= WHAT IS EXPECTED =
An exact reproduction of the records is required, with all pictures omitted.

(Image-caption web data)
#####
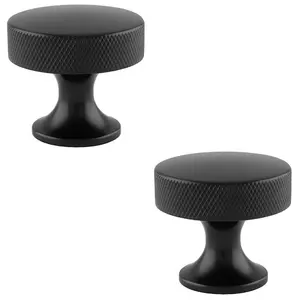 2 PACK - Knurled Flared Stem Cabinet Door Knob - 38mm Matt Black Cupboard Pull Handle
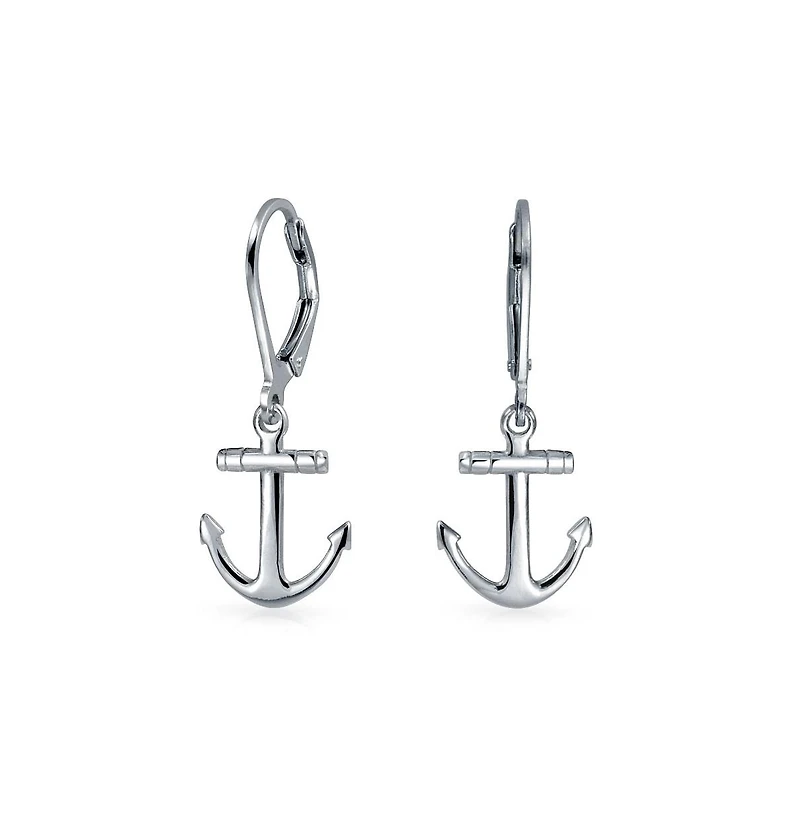 Bling Jewelry Nautical Anchor Dangle Earrings in 14K Gold Plated Sterling Silver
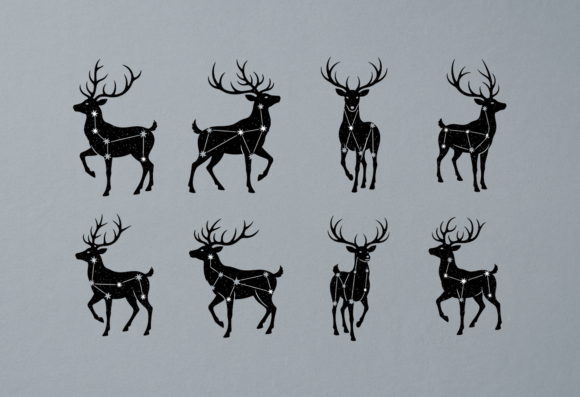 Celestial Deer Constellation SVG Clipart for Website and Editorial Design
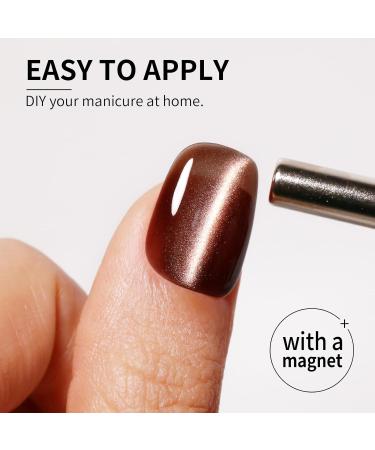 Cat Eye Gel Nail Polish 16ml - Brown Holographic Glitter UV/LED Manicure with Magnetic Stick - International Shipping Available - Buy Online on GoSupps.com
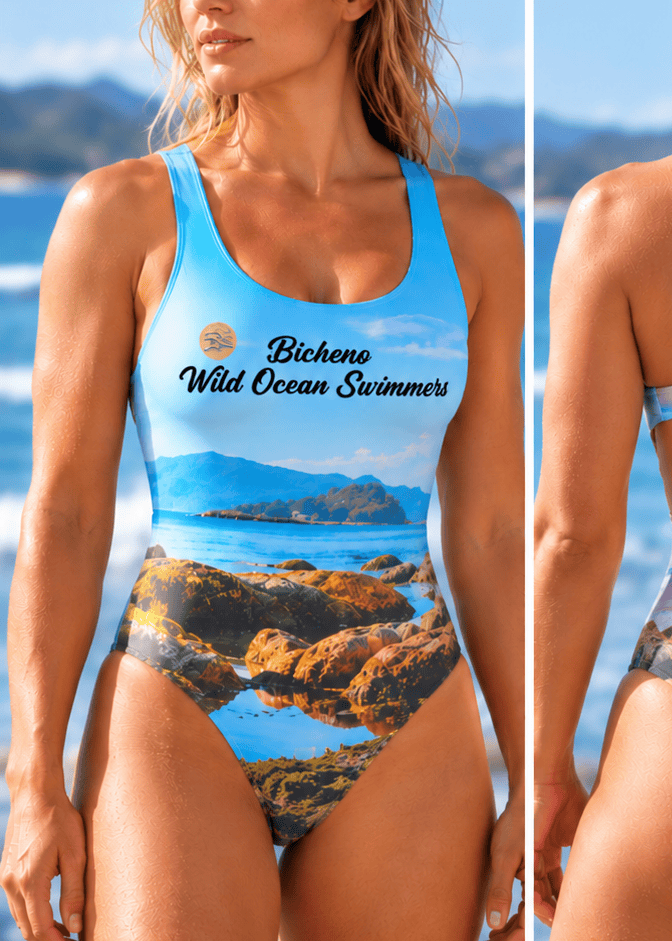 budgy Smuggler Custom Womens Swimsuit Bicheno / 8 Bicheno Wild Ocean Swimmers Womens Thick Strap Swimsuit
#####
= RESPONSE AREA =
 2 PACK - Knurled Flared Stem Cabinet Door Knob - 38mm Matt Black Cupboard Pull Handle
 Bling Jewelry Nautical Anchor Dangle Earrings in 14K Gold Plated Sterling Silver
 Celestial Deer Constellation SVG Clipart for Website and Editorial Design
 Cat Eye Gel Nail Polish 16ml - Brown Holographic Glitter UV/LED Manicure with Magnetic Stick - International Shipping Available - Buy Online on GoSupps.com
 budgy Smuggler Custom Womens Swimsuit Bicheno / 8 Bicheno Wild Ocean Swimmers Womens Thick Strap Swimsuit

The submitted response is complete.